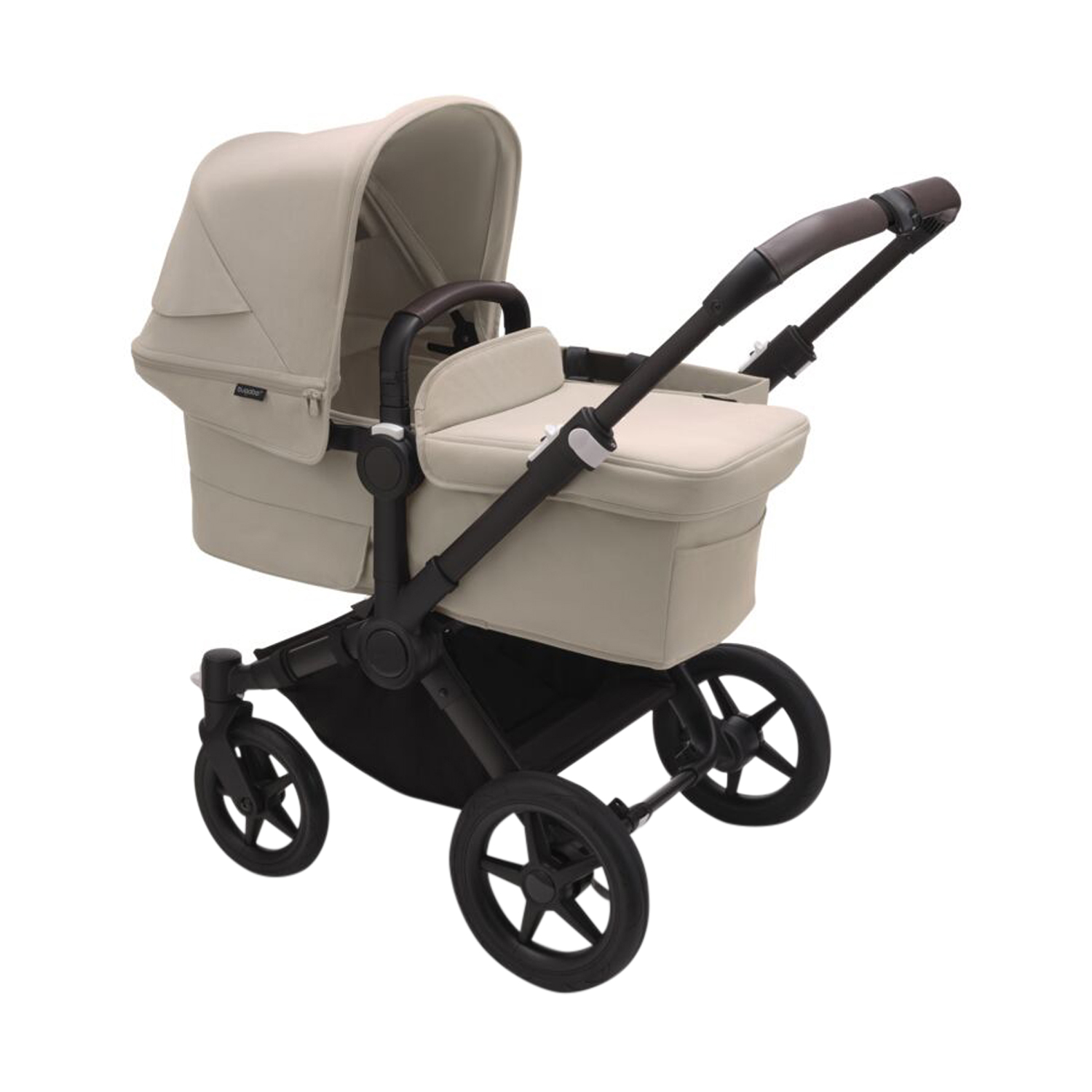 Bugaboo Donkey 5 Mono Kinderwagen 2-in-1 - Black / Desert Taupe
---
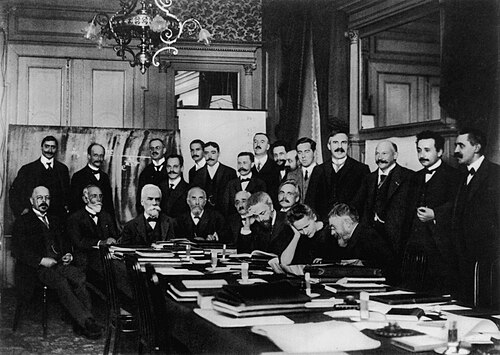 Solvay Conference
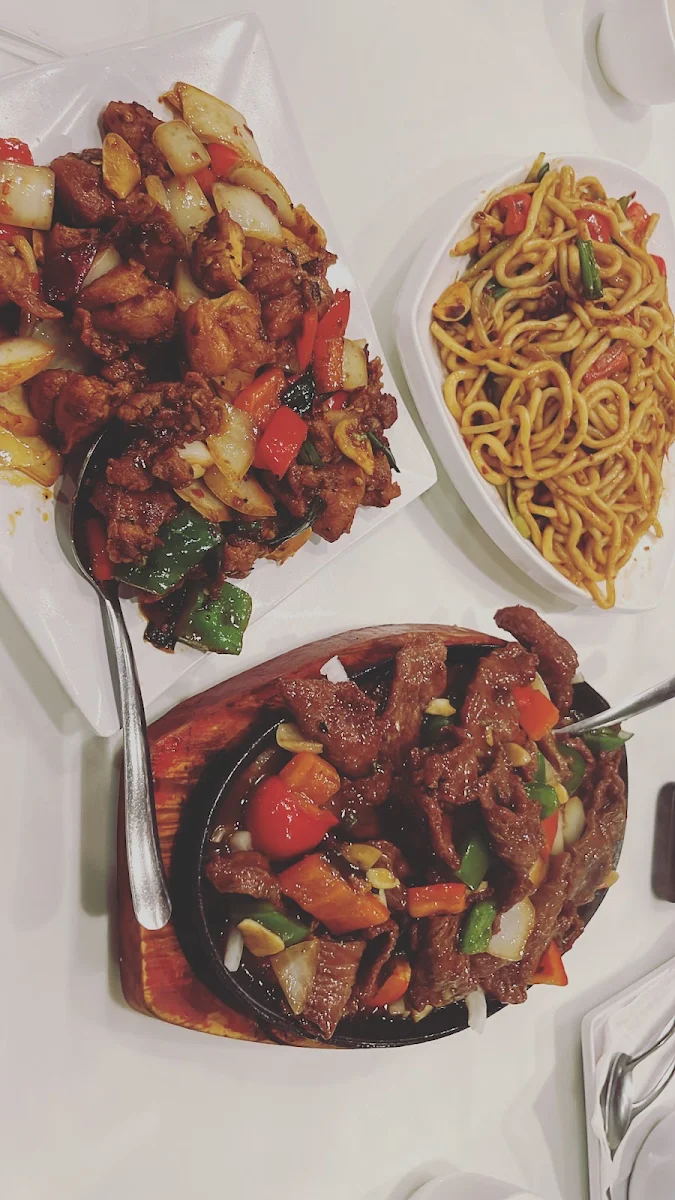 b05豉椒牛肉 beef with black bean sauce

WHAT YOU HAVE TO DO →
Once the line with "Solvay Conference" is found in the data above, reproduce it and each line after it exactly, through the line with "b05豉椒牛肉 beef with black bean sauce". Omit the pictures.

WORKED SOLUTION →
 Solvay Conference
 b05豉椒牛肉 beef with black bean sauce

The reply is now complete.